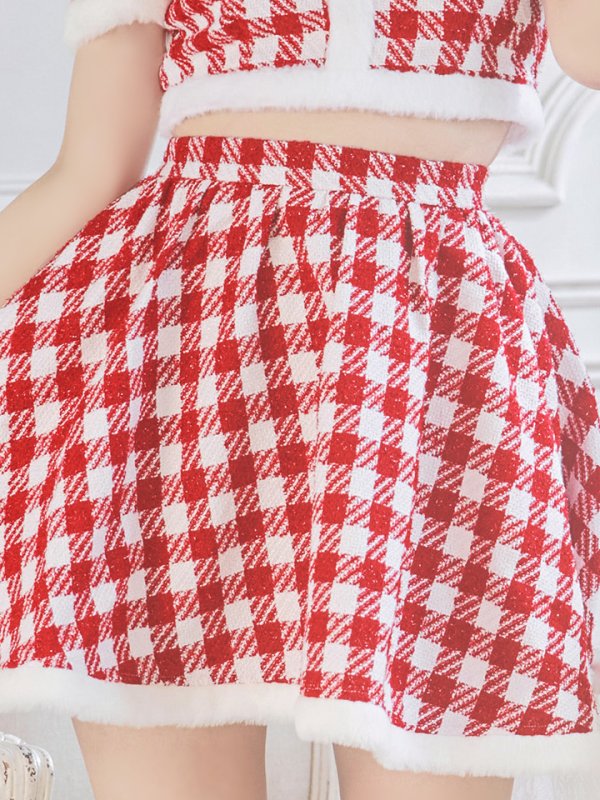 画像20: 【即日発送！】【サンタコス 5点セット】【XS-Lサイズ/2カラー】ギンガムチェック セットアップフレアサンタコスプレ[YMT] (20)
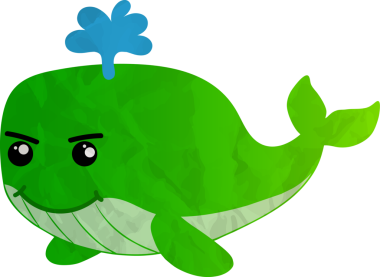 Çizgi film şirin balina, vektör çizimi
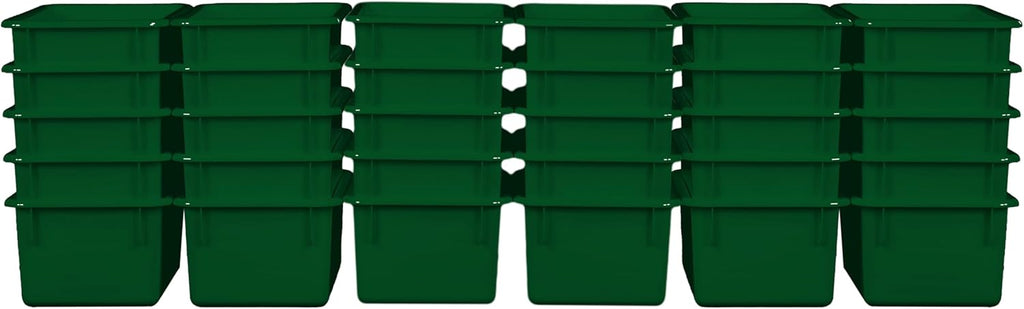 Wood Designs Cubby Storage Bin, Heavy Duty Plastic Containers for Kids Green Cubby Tray Set of 30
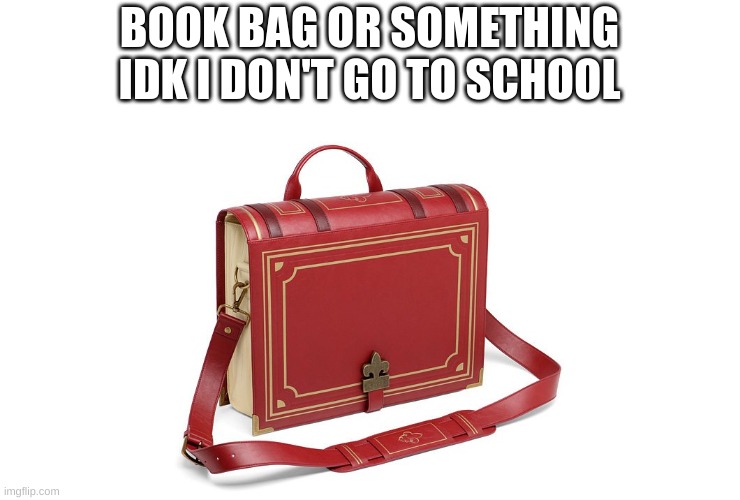 clever title | BOOK BAG OR SOMETHING IDK I DON'T GO TO SCHOOL | image tagged in book bag | made w/ Imgflip meme maker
________________________________________
Work order: An exact, image-free transcript of the material is required.

Response below:
 画像20: 【即日発送！】【サンタコス 5点セット】【XS-Lサイズ/2カラー】ギンガムチェック セットアップフレアサンタコスプレ[YMT] (20)
 Çizgi film şirin balina, vektör çizimi
 Wood Designs Cubby Storage Bin, Heavy Duty Plastic Containers for Kids Green Cubby Tray Set of 30
 clever title | BOOK BAG OR SOMETHING IDK I DON'T GO TO SCHOOL | image tagged in book bag | made w/ Imgflip meme maker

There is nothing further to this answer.